I basically copied/pasted the code from the regression template example.
def model(x_data, y_data):
a = pyro.sample("mean", dist.Normal(0., 10.))
b = pyro.sample("edit_coeff", dist.Normal(0., 1.))
sigma = pyro.sample("sigma", dist.Uniform(0., 10.))
mean = a + b * x_data
rate = mean.exp()
with pyro.plate("data", len(x)):
pyro.sample("obs", dist.Poisson(rate = rate).independent(1), obs=y_data)
def guide(x_data, y_data):
a_loc = pyro.param('a_mean', torch.tensor(0.))
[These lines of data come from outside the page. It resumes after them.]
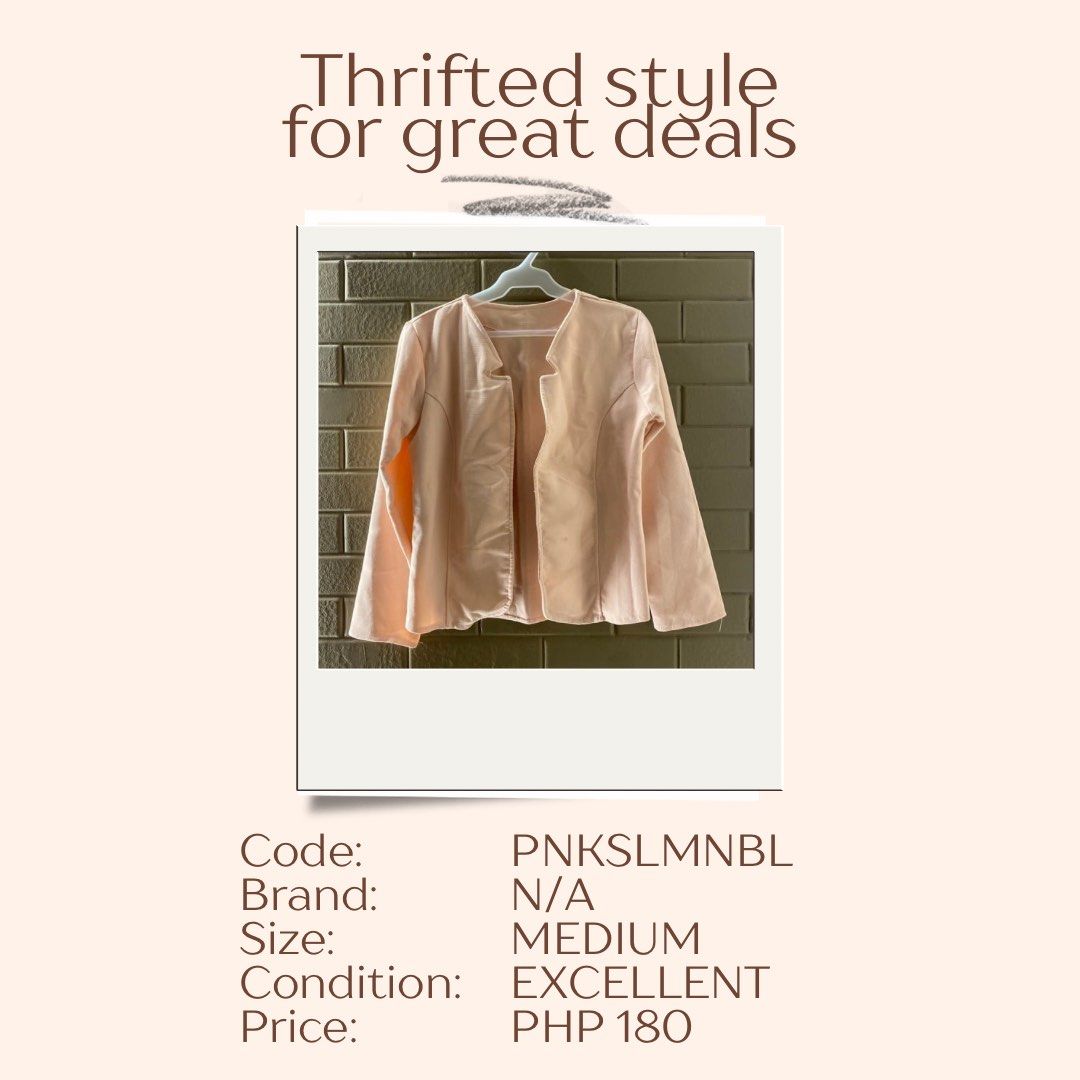 Pink Salmon Blazer (Category: Coats, Jackets and Outerwear) located in Las Pinas. Submitted by DailyssentialsbyD (Listing ID 1366205668, Image 1). Description: Na-stuck lang to sa cabinet, never worn..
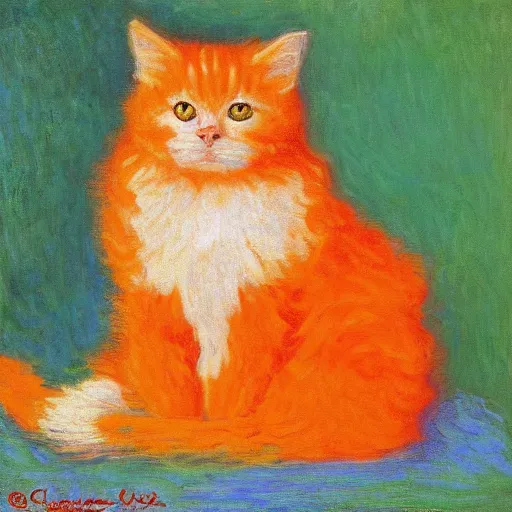 Image similar to “ fluffy orange cat, 4 k, by claude monet ”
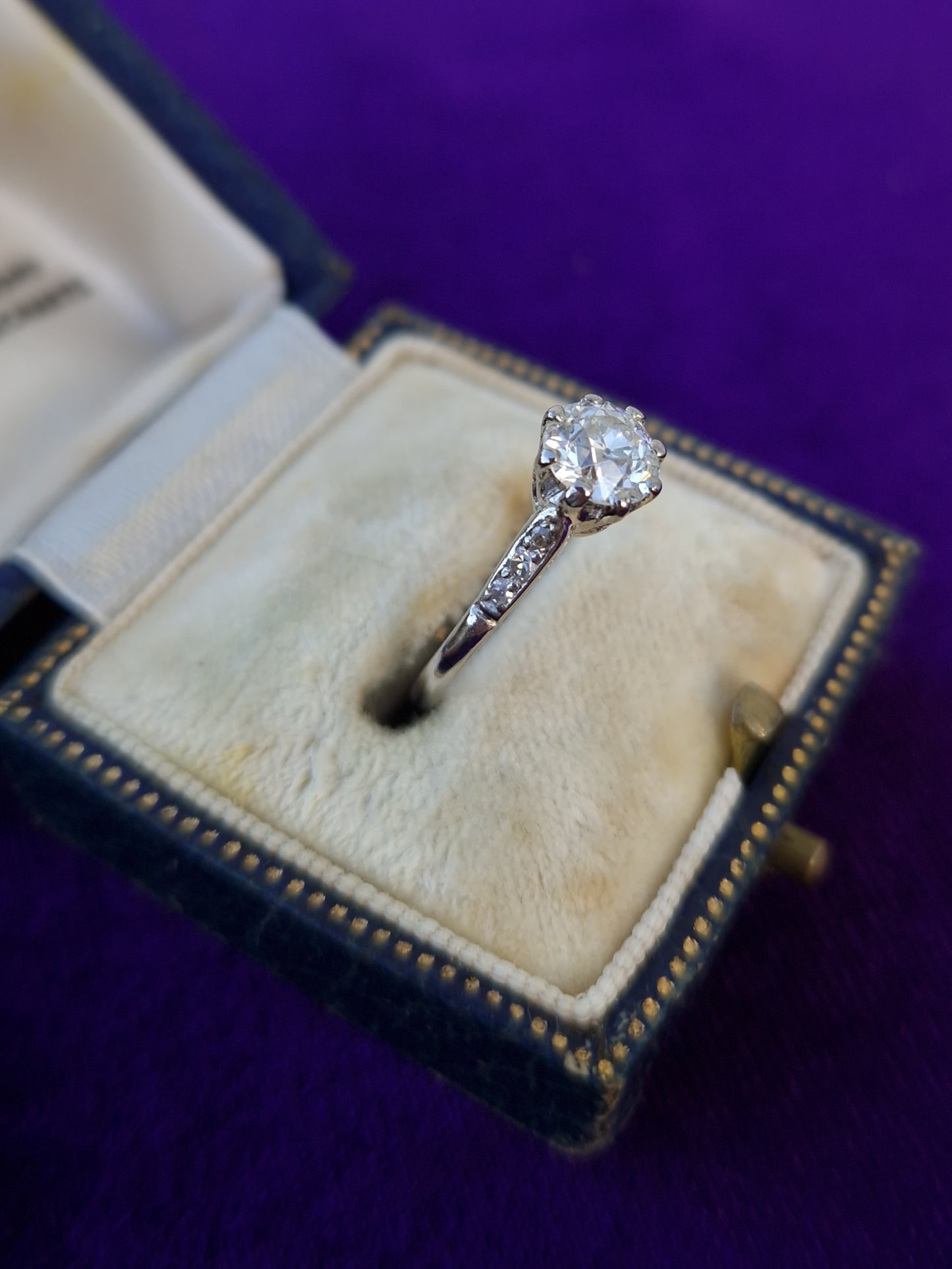 Antique 0.85ct Diamond Platinum Solitaire Ring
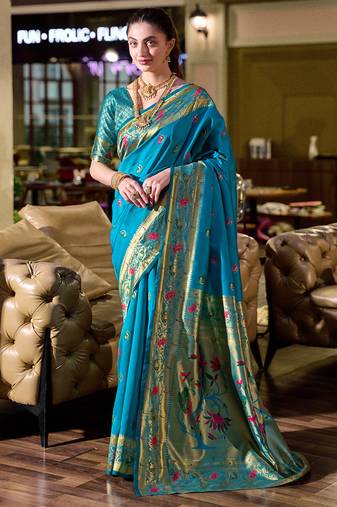 Sky blue peacock butti silk blend zari weaving paithani saree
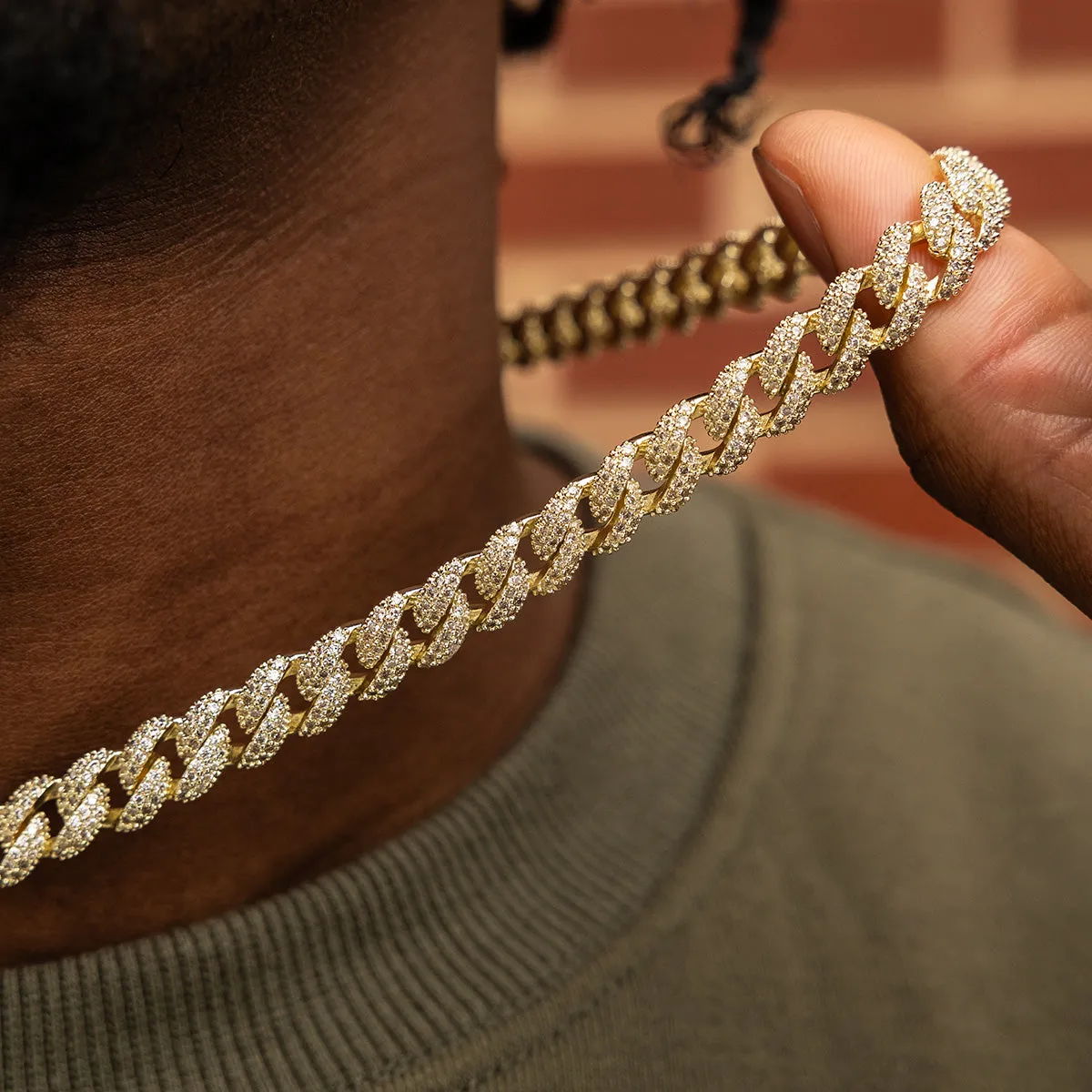 Diamond Cuban Chain in Yellow Gold - 8.5mm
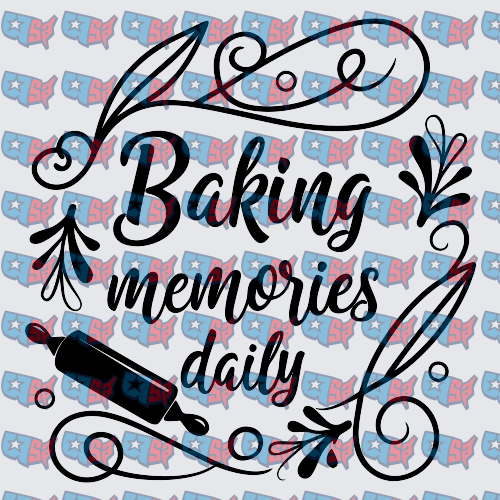 Baking Memories Daily Rolling Pin Floral Script (DTF)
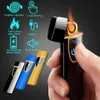 Nouveaux briquets à cigarettes électroniques sans flamme coupe-vent rechargeables USB portables avec interrupteur tactile à écran LED pouvant personnaliser le logo9598680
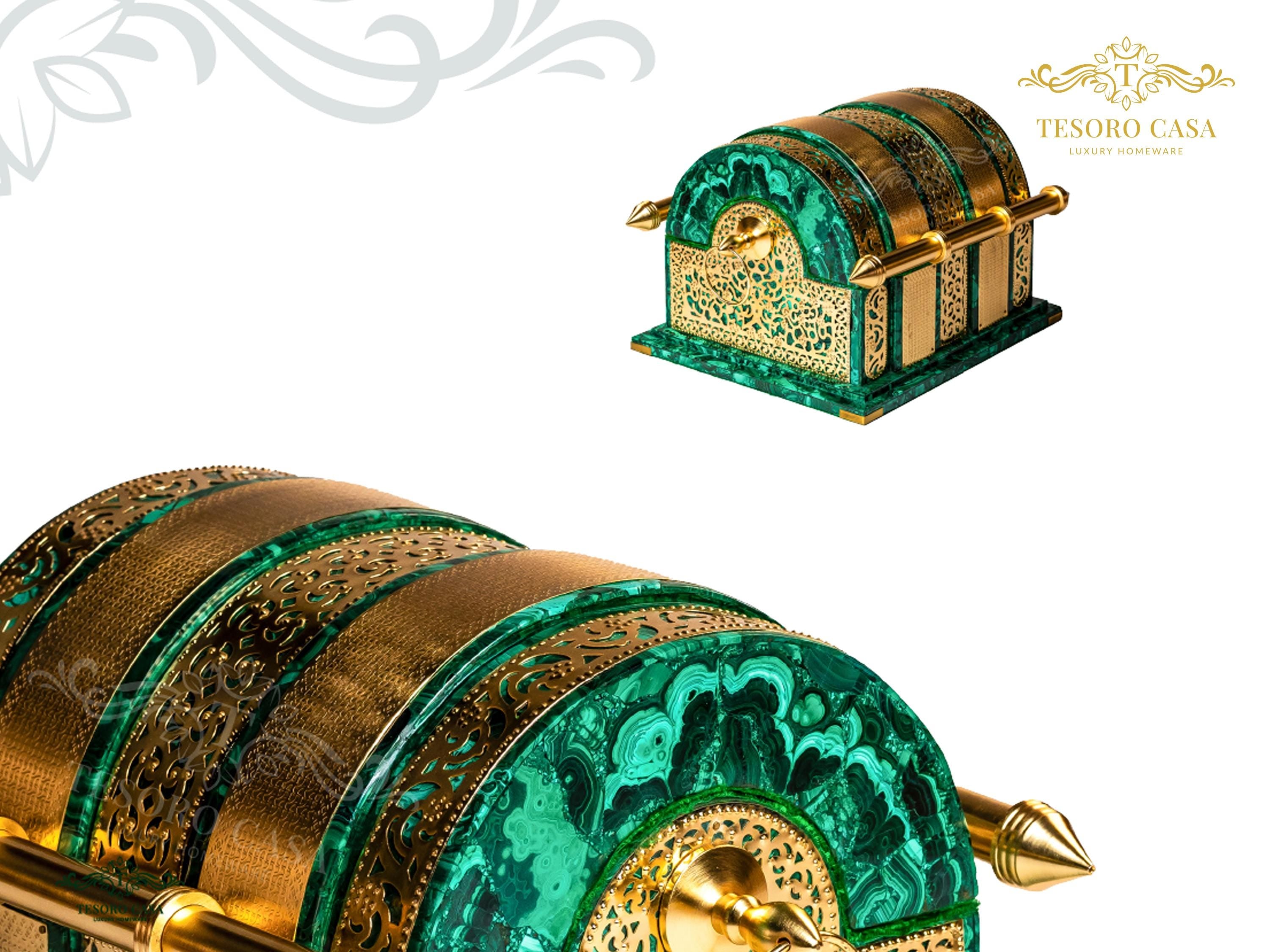 Malachite Oud Box – Handcrafted Brass & Semi-Precious Stone Luxury Arabic Oud Storage Chest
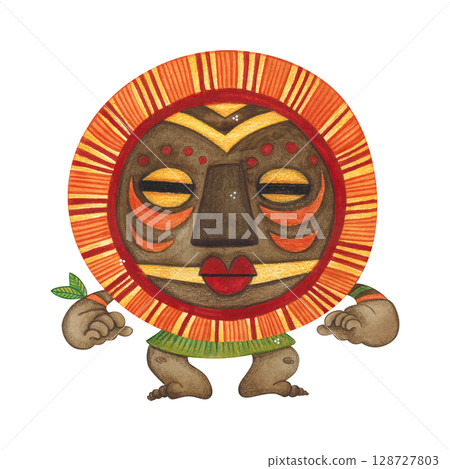 Crouching African aborigine in a brown round mask with orange fringe. Watercolor illustration, hand drawn, cartoon. Drawing for poster, stickers, print. Africa, mask, funny, character Crouching African aborigine in a brown round mask with orange fringe. Watercolor illustration, hand drawn, cartoon. Drawing for poster, stickers, print. Africa, mask, funny, character 128727803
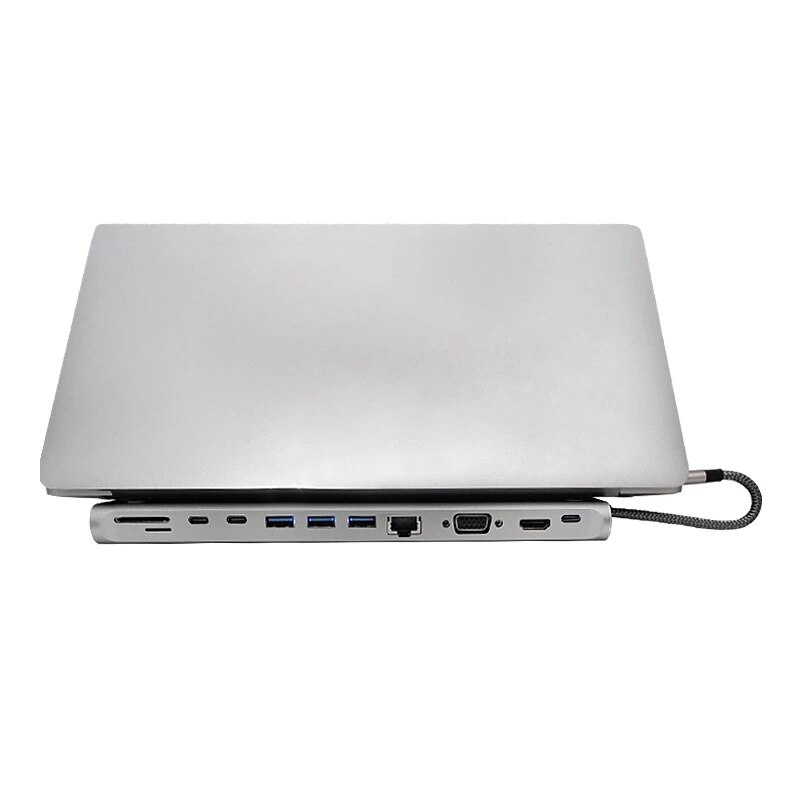 Nueva estación de acoplamiento 12 en 1 HUB USB C 4K HDMI VGA 100W PD 2 USB3.0 SD/TF tipo-c con para otro ordenador portátil USBC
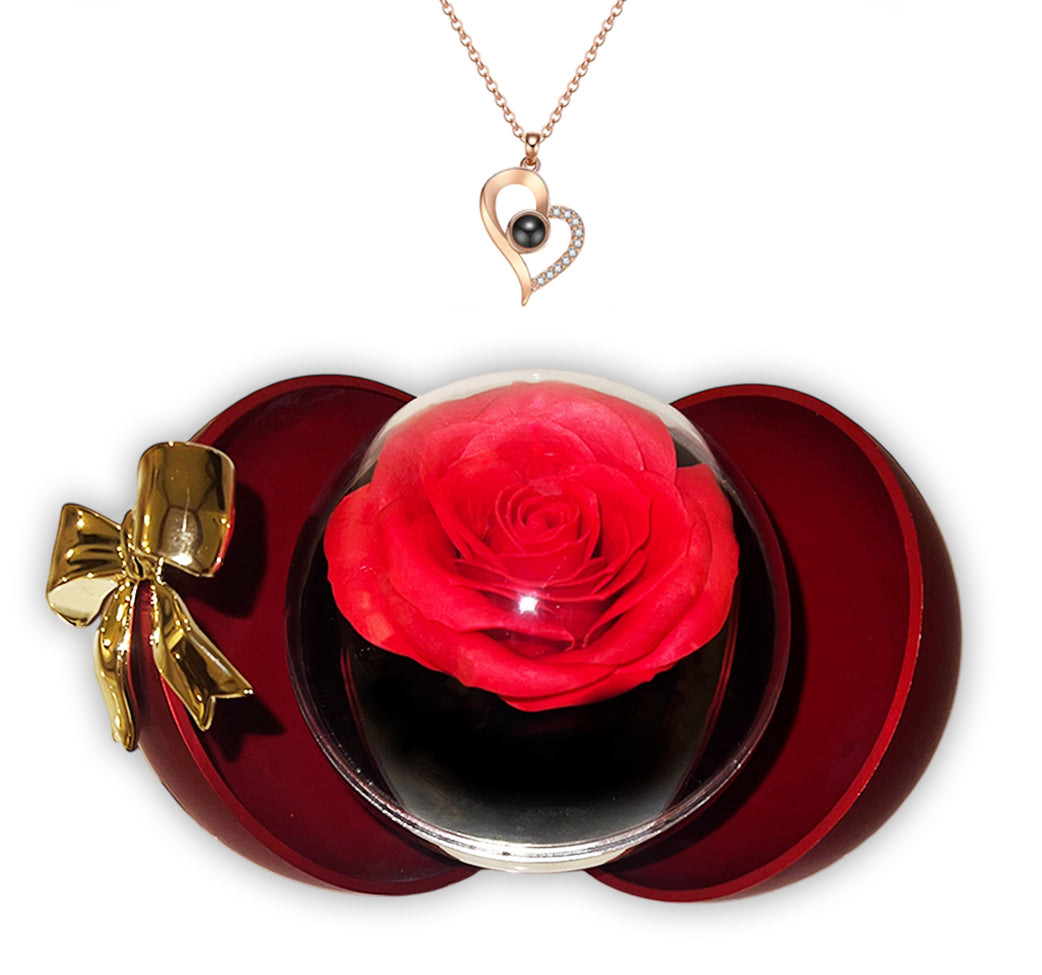 Spherical rose box - With “I love you” pendant necklace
a_scale = pyro.param('a_std', torch.tensor(1.),
constraint=constraints.positive)
sigma_loc = pyro.param('sigma_loc', torch.tensor(1.),
constraint=constraints.positive)
weights_loc = pyro.param('weights_loc', torch.randn(3))
weights_scale = pyro.param('weights_scale', torch.ones(3),
constraint=constraints.positive)
a = pyro.sample("a", dist.Normal(a_loc, a_scale))
b = pyro.sample("edit_coeff", dist.Normal(weights_loc[0], weights_scale[0]))
sigma = pyro.sample("sigma", dist.Normal(sigma_loc, torch.tensor(0.05)))
mean = a + b * x_data
def summary(samples):
site_stats = {}
for site_name, values in samples.items():
marginal_site = pd.DataFrame(values)
describe = marginal_site.describe(percentiles=[.05, 0.25, 0.5, 0.75, 0.95]).transpose()
site_stats[site_name] = describe[["mean", "std", "5%", "25%", "50%", "75%", "95%"]]
return site_stats
# Utility function to print latent sites' quantile information.
def summary(samples):
site_stats = {}
for site_name, values in samples.items():
marginal_site = pd.DataFrame(values)
describe = marginal_site.describe(percentiles=[.05, 0.25, 0.5, 0.75, 0.95]).transpose()
site_stats[site_name] = describe[["mean", "std", "5%", "25%", "50%", "75%", "95%"]]
return site_stats
svi = SVI(model,
guide,
optim.Adam({"lr": .05}),
loss=Trace_ELBO())
pyro.clear_param_store()
num_iters = 1000
for i in range(num_iters):
elbo = svi.step(x, y)
if i % 500 == 0:
logging.info("Elbo loss: {}".format(elbo))
Should I be doing something else to save on memory? Even my 32GB gpu runs out of memory where I’ve ran pymc3 models bigger than this one fine.